Fix this by only installing kvm's perf_guest_cbs if pt_mode is set to
guest tracing.

Signed-off-by: Alexander Shishkin <[email protected]>
Fixes: ff9d07a0e7ce7 ("KVM: Implement perf callbacks for guest sampling")
Reported-by: Artem Kashkanov <[email protected]>
Tested-by: Artem Kashkanov <[email protected]>
---
arch/x86/include/asm/kvm_host.h | 1 +
arch/x86/kvm/vmx/vmx.c | 6 ++++++
arch/x86/kvm/x86.c | 10 ++++++++--
3 files changed, 15 insertions(+), 2 deletions(-)

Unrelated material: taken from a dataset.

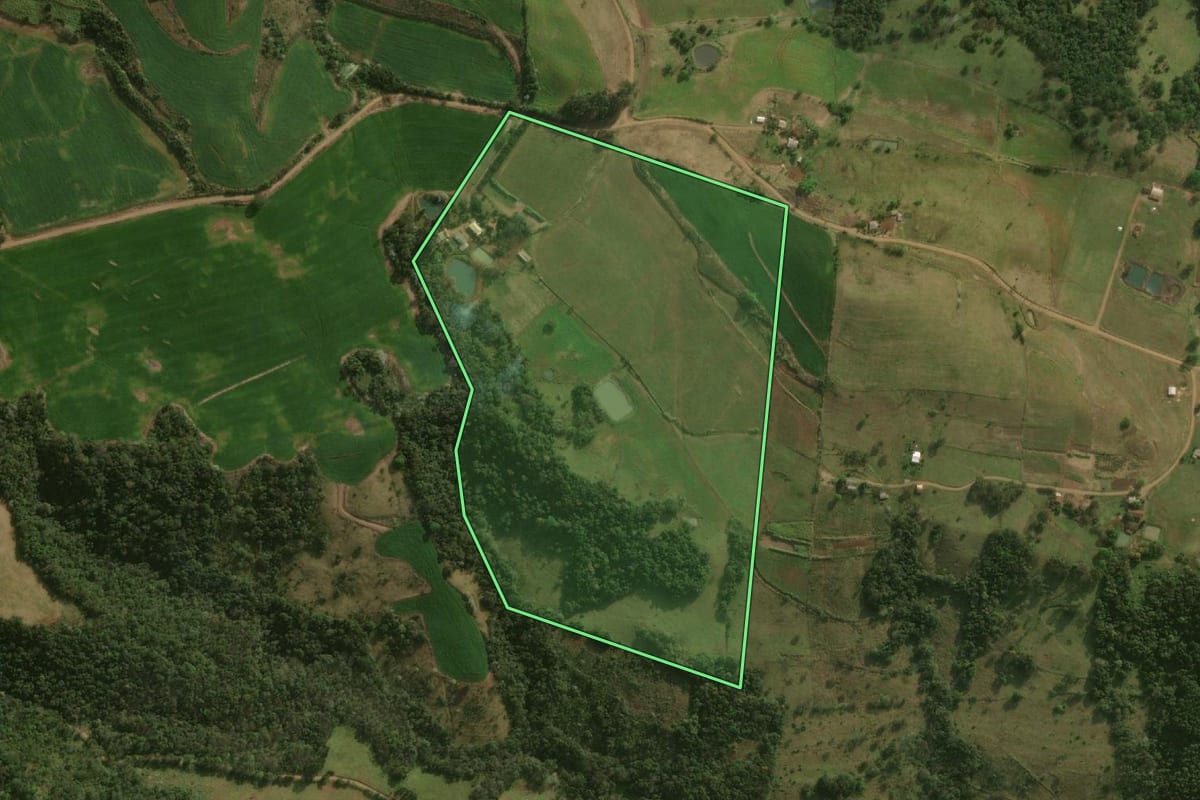 Imagem de satélite do imóvel rural em Barracão (PR), com o contorno declarado no CAR desenhado por cima.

diff --git a/arch/x86/include/asm/kvm_host.h b/arch/x86/include/asm/kvm_host.h
index 55efbacfc244..84a1ed067f35 100644
--- a/arch/x86/include/asm/kvm_host.h
+++ b/arch/x86/include/asm/kvm_host.h
@@ -1408,6 +1408,7 @@ struct kvm_x86_init_ops {
int (*disabled_by_bios)(void);
int (*check_processor_compatibility)(void);
int (*hardware_setup)(void);
+ int (*intel_pt_enabled)(void);

struct kvm_x86_ops *runtime_ops;
};
diff --git a/arch/x86/kvm/vmx/vmx.c b/arch/x86/kvm/vmx/vmx.c
index 4bceb5ca3a89..0c239aa3532a 100644
--- a/arch/x86/kvm/vmx/vmx.c
+++ b/arch/x86/kvm/vmx/vmx.c
@@ -7943,11 +7943,17 @@ static __init int hardware_setup(void)
return r;
}

+static int vmx_intel_pt_enabled(void)
+{
+ return vmx_pt_mode_is_host_guest();
+}
+
static struct kvm_x86_init_ops vmx_init_ops __initdata = {
.cpu_has_kvm_support = cpu_has_kvm_support,
.disabled_by_bios = vmx_disabled_by_bios,
.check_processor_compatibility = vmx_check_processor_compat,
.hardware_setup = hardware_setup,
+ .intel_pt_enabled = vmx_intel_pt_enabled,

.runtime_ops = &vmx_x86_ops,
};
diff --git a/arch/x86/kvm/x86.c b/arch/x86/kvm/x86.c
index 9b6bca616929..3ba0001e7388 100644
--- a/arch/x86/kvm/x86.c
+++ b/arch/x86/kvm/x86.c
@@ -268,6 +268,8 @@ static struct kmem_cache *x86_fpu_cache;

static struct kmem_cache *x86_emulator_cache;

+static int __read_mostly intel_pt_enabled;
+
/*
* When called, it means the previous get/set msr reached an invalid msr.
* Return true if we want to ignore/silent this failed msr access.
@@ -8194,7 +8196,10 @@ int kvm_arch_init(void *opaque)

kvm_timer_init();

- perf_register_guest_info_callbacks(&kvm_guest_cbs);
+ if (ops->intel_pt_enabled && ops->intel_pt_enabled()) {
+ perf_register_guest_info_callbacks(&kvm_guest_cbs);
+ intel_pt_enabled = 1;
+ }

if (boot_cpu_has(X86_FEATURE_XSAVE)) {
host_xcr0 = xgetbv(XCR_XFEATURE_ENABLED_MASK);
@@ -8229,7 +8234,8 @@ void kvm_arch_exit(void)
clear_hv_tscchange_cb();
#endif
kvm_lapic_exit();
- perf_unregister_guest_info_callbacks(&kvm_guest_cbs);
+ if (intel_pt_enabled)
+ perf_unregister_guest_info_callbacks(&kvm_guest_cbs);

if (!boot_cpu_has(X86_FEATURE_CONSTANT_TSC))
cpufreq_unregister_notifier(&kvmclock_cpufreq_notifier_block,
--
2.32.0


2021-08-23 16:18:02

by Sean Christopherson

[permalink] [raw]
Subject: Re: [PATCH] kvm/x86: Fix PT "host mode"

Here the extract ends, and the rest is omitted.